The Post’s new story suggested that NIC, along with the National Panhellenic Conference, which represents 26 sororities, and several similar organizations, are all working with parents who have lost students in hazing incidents to broaden the scope of their efforts. Specifically, NIC’s president Judson Horras has met with the parents of Tim Piazza, who died in a hazing incident at Penn State, and others. “The relationship has opened doors,” Piazza’s dad Jim told the Post. He and other parents have spoken directly to “thousands of students through fraternity conferences and other events and have more meetings scheduled into next year.” Their blunt message: “Don’t let this happen on your watch.” Also in the works from this new informal coalition: “online programming to spread the message widely and design a curriculum that would allow college students to teach younger students about hazing and bullying, to try to prevent problems early.” There’s talk of legislation that would force universities to report hazing incidents and increase criminal penalties for such activity. Finally: “They are lobbying to ensure that forced excessive drinking is viewed like other forms of injury caused by hazing.” As one of the other parents told the Post: “The universities need to step up too.”

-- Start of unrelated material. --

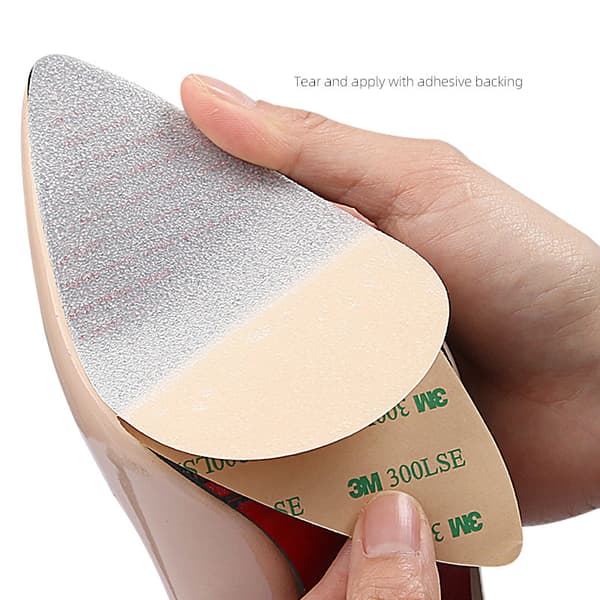 Sklisikre sko pads Selvklebende skosålebeskyttere pointed tip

“Beer is Different,” Beer Institute Reminds As we noted last week, The Distilled Spirits Council, responded that the ban is “not supported by the science… sends a misleading message that some forms of alcohol are ‘softer’ than others, and undercuts equivalence information” from multiple government and college education material that a drink is a drink.
Not surprisingly, the Beer Institute had different response: “Americans welcome beer at nearly every occasion because beer’s moderate alcohol content means it can be enjoyed sensibly. The new North-American Interfraternity Conference’s decision to ban hard liquor is a bold step, since hard liquor may be served in a way where consumers do not know how much alcohol is in their drink, making it more prone to abuse. Beer, on the other hand, is very different. Consumers know what they are getting because beers are single-serve, whether in an aluminum can, bottle, or draft glass, ensuring that consumers are aware of the alcohol that is in every serving of beer that they choose.”